::: Source data :::
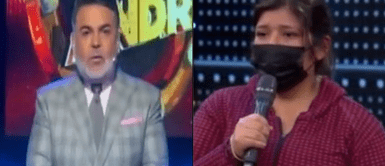 Andrés Hurtado se disculpó con madre de familia Andrés Hurtado pide perdón a madre de 6 hijos tras polémica: “Estoy profundamente arrepentido”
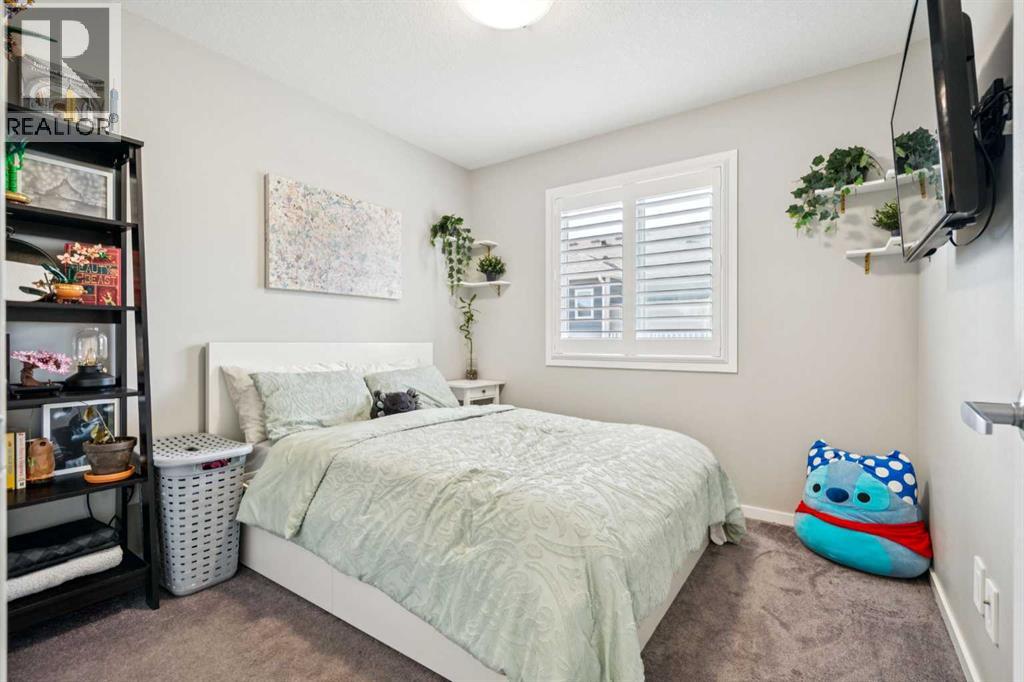 Photo 20 of 125 Yorkville Avenue Sw, Calgary AB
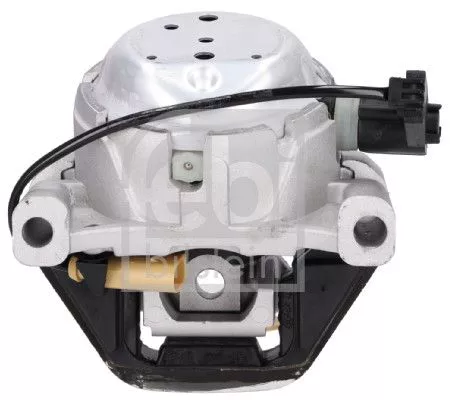 FEBI BILSTEIN FEBI BILSTEIN 176645 Mounting, engine 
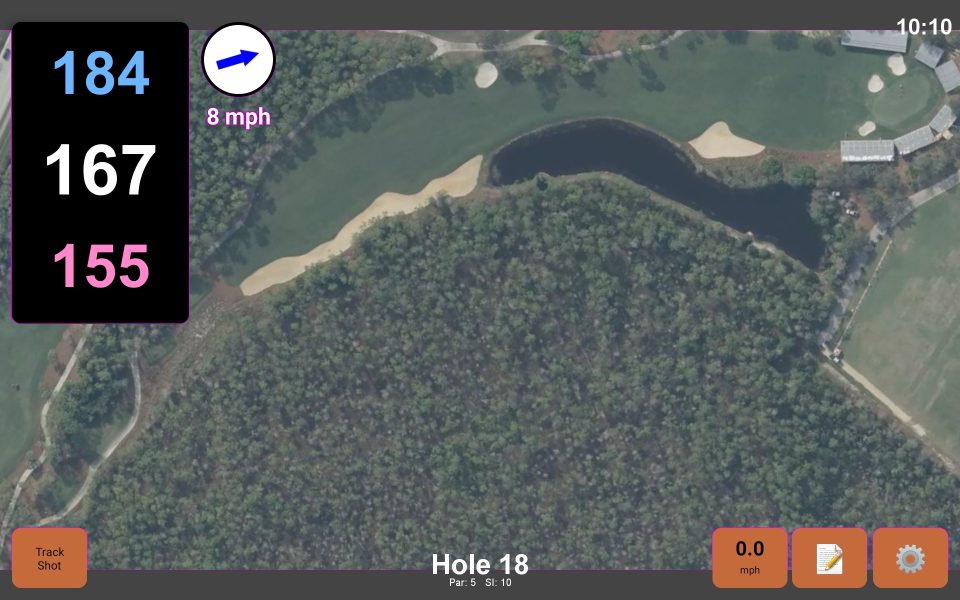 Hole preview 3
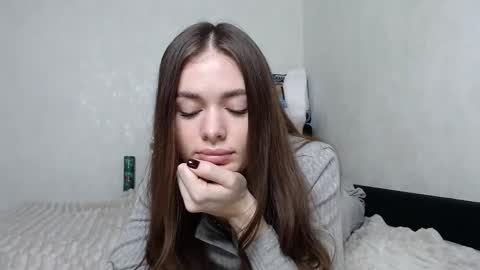 scratc_h online show from 27, 1, 2025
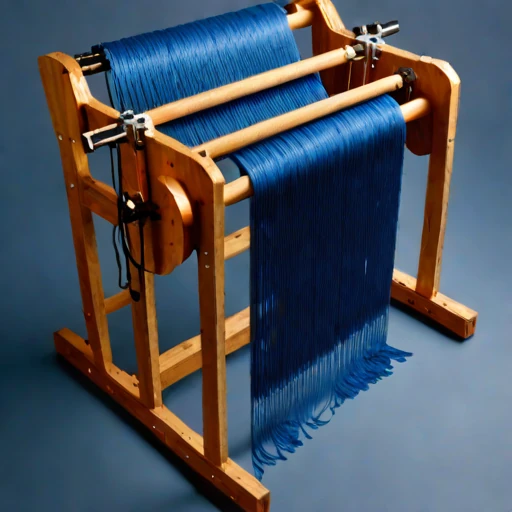 A halophile-culture dye vat, photographed against a plain background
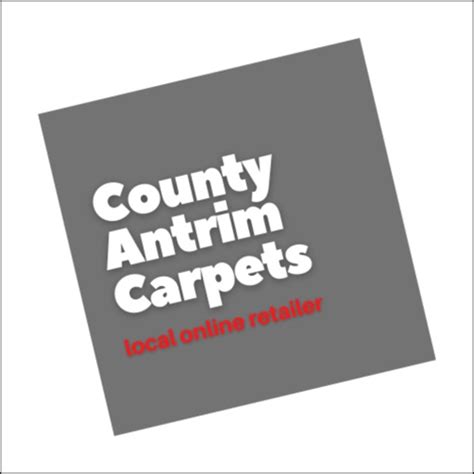 County Antrim Carpets Ltd
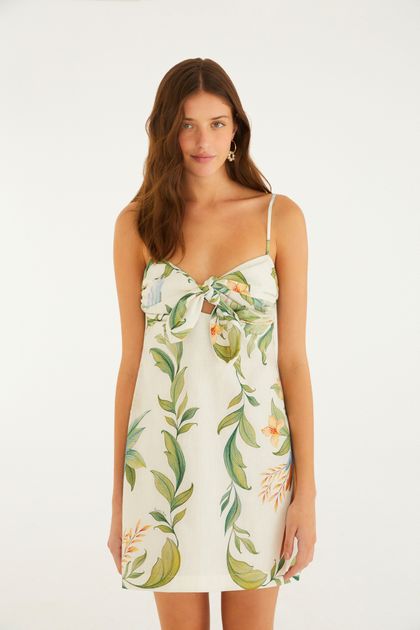 image-2d804970e88e41aa90192c4f0a384b4a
:::
Exercise aim: Only the lines from the one containing "Photo 20 of" through the last line of the entries above should be copied, exactly as they are and without the pictures.

Answer section:
 Photo 20 of 125 Yorkville Avenue Sw, Calgary AB
 FEBI BILSTEIN FEBI BILSTEIN 176645 Mounting, engine 
 Hole preview 3
 scratc_h online show from 27, 1, 2025
 A halophile-culture dye vat, photographed against a plain background
 County Antrim Carpets Ltd
 image-2d804970e88e41aa90192c4f0a384b4a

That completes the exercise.